The extra CO2 is produced by the burning of fossil fuels, currently emitting approximately 7 billion tons of carbon per year, and roughly half is absorbed by vegetation and the oceans. Researchers believe the yearly fluctuations in CO2 build-up are caused largely by nature's variable ability to absorb the emissions. The atmospheric concentration of carbon dioxide is now higher than experienced on Earth for at least the last 400,000 years, and the rise is expected to continue. Over the past two decades, only half of the CO2 released by human activities such as fossil fuel burning, the so-called ?anthropogenic CO2,? is still in the atmosphere; about 30% has been taken up by the ocean, and 20% by the terrestrial biosphere.

This new finding follows reports that 2005 was probably the warmest year on record, with temperatures slightly higher than the previous peak in 1998. Also, scientists at the US National Snow and Ice Data Center, in Boulder, Colorado, reported that Arctic sea ice did not reform fully in the winter of 2005 after record rates of melting during the summer.

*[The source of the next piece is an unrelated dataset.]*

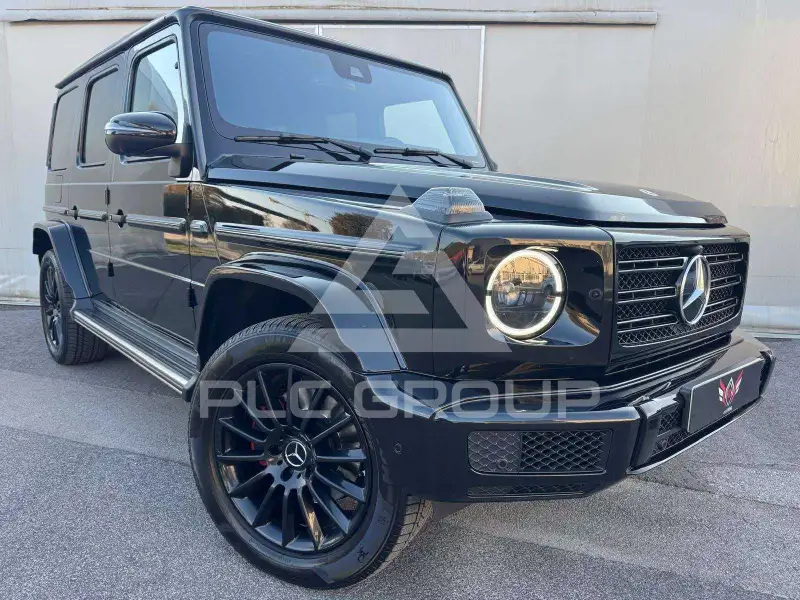 2022 Mercedes Benz G 400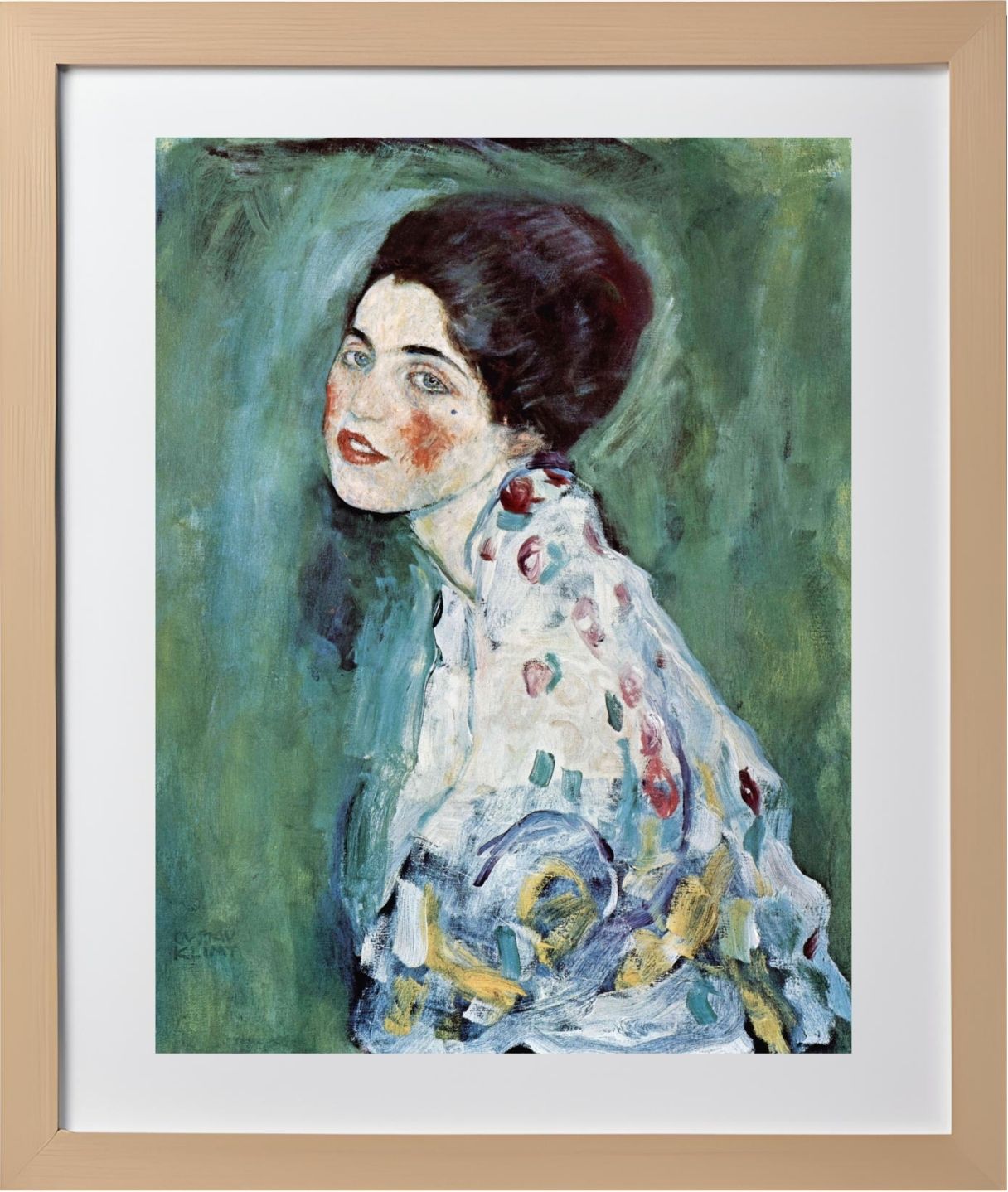 Porträt einer Dame (1916–1917)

Until recently the largest increases in concentrations of CO2 always occurred during El Ni'o years, when tropical vegetation grows more slowly due to lack of rain and fires occur in dried-out rainforests. The greatest recorded increase of 2.7 ppm occurred in the El Ni'o year of 1998. However, scientists are alarmed by the fact that none of the past three years of near-record increases have coincided with an El Ni'o event.

According to Peter Cox, a scientist at the Center for Ecology and Hydrology in Dorset, UK, who studies the interaction between plants and the atmosphere, the recent surge in CO2 levels ?may be the first evidence of a feedback from the carbon cycle, in which plants under heat stress from global warming start to absorb less carbon dioxide?.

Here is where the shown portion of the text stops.